Но всё же ритуальные институции, даже самые разжиженные, самые подслащенные, благоприятствуют жертвенному[54] закланию. Толпа, досыта наевшись и напившись, хочет чего-то необычного, а это может быть только зрелище эротизма или насилия, а еще лучше — того и другого сразу. Иродиада знает о ритуале достаточно, чтобы пробудить его мощь и обратить ее на пользу своего убийственного замысла. Она переворачивает и извращает сам смысл ритуала, поскольку смерть жертвы ей важнее, чем примирение общины. Символы подлинного (то есть служащего примирению общины) ритуального смысла присутствуют в нашем тексте, но лишь в остаточной форме.

Иродиада мобилизует силы ритуала и умело направляет их против объекта своей ненависти. Извращая ритуал, она восстанавливает мимесис в его первоначальной вредоносности. Она возвращает жертвоприношение к его убийственным истокам; она вскрывает скандал в центре всякого религиозного жертвенного учреждения. Таким образом, ее роль аналогична роли Каиафы в Страстях.

Иродиада не важна сама по себе. Она лишь инструмент евангельского разоблачения, «парадоксальную» природу которого она выявляет, используя ритуал извращенным и потому разоблачительным образом. Как мы видели, Иродиаду восстановило против пророка его несогласие на ее брак с Иродом — «не должно тебе иметь жену брата твоего». Но ритуальная мистификация никогда, в принципе, и не бывает ничем иным, кроме как сокрытием миметического желания с помощью механизма козла отпущения.
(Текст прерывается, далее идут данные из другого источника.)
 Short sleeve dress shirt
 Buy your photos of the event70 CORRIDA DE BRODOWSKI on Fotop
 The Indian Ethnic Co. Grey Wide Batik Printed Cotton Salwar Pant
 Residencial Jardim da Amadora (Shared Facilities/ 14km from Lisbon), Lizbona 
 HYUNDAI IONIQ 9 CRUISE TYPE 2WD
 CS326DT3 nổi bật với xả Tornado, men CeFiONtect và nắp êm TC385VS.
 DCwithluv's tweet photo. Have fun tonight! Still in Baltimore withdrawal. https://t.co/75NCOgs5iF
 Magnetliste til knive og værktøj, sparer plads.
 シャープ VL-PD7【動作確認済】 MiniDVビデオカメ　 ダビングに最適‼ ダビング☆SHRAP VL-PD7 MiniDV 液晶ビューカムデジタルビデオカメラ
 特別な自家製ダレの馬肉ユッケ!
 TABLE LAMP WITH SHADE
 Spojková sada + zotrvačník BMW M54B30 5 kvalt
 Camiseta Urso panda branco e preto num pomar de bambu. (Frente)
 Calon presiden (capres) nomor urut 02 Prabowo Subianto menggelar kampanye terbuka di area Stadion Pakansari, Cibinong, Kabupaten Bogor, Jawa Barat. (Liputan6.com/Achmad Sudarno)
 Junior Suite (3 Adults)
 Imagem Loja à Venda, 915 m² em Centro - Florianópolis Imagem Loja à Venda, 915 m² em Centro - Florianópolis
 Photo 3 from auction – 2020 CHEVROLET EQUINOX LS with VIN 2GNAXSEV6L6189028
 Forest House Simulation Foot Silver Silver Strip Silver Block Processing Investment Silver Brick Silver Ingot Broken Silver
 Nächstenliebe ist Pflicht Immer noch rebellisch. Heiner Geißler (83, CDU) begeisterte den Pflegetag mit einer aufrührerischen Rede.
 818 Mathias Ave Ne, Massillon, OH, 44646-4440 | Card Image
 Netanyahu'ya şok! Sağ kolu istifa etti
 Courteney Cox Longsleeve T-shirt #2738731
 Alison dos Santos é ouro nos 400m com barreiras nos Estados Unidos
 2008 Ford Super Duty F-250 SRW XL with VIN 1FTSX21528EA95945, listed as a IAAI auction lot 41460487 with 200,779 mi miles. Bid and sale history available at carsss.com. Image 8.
Иродиада и Каиафа могут считаться живыми аллегориями ритуала, вынужденного вернуться к своим неритуальным истокам, к убийству без прикрас, под действием разоблачительной силы, которая его (ритуал) выгоняет из его религиозных и культурных укрытий.

Я говорю о тексте Марка так, как если бы он всегда говорил правду. И действительно — он говорит правду. Однако некоторые аспекты текста поражают читателя как сказочные. Они смутно напоминают страшную волшебную сказку с дурным концом. Этот оттенок есть в отношениях Саломеи и ее матери, в смеси ужаса и детской покорности. Этот оттенок есть в чрезмерности, чрезвычайности дара, который должен наградить плясунью. У Ирода не было царства, чтобы отдать от него половину. По правде говоря, он был не царем, а тетрархом, и его весьма ограниченная власть целиком зависела от расположения римлян.

Комментаторы ищут литературные источники. Например, в книге Есфирь царь Артаксерс обещает героине любой дар так же, как обещает Ирод (Есфирь 5, 6). Этот текст будто бы повлиял на Марка и Матфея. Возможно — но тема сверхщедрого обещания настолько обычна в сказочных рассказах, что Марк или Матфей могли ее знать и без помощи конкретного текста. Гораздо интереснее другой вопрос — о значении этой темы.

В народных сказках герой часто с успехом доказывает свои достоинства, сперва непризнанные, побеждая в каком-то испытании, совершая какой-то подвиг. Царь, устроитель испытания, тем сильнее ослеплен этим успехом, что он долго противился обаянию героя. Тогда он ему предлагает сверхщедрый дар — царство или, что то же самое, свою единственную дочь. Если предложение принимается, то оно превращает того, кто не обладал ничем, в того, кто обладает всем, и наоборот. Если бытие царя неотделимо от его владений, от его царства, то, значит, даритель передает одариваемому буквально свое бытие.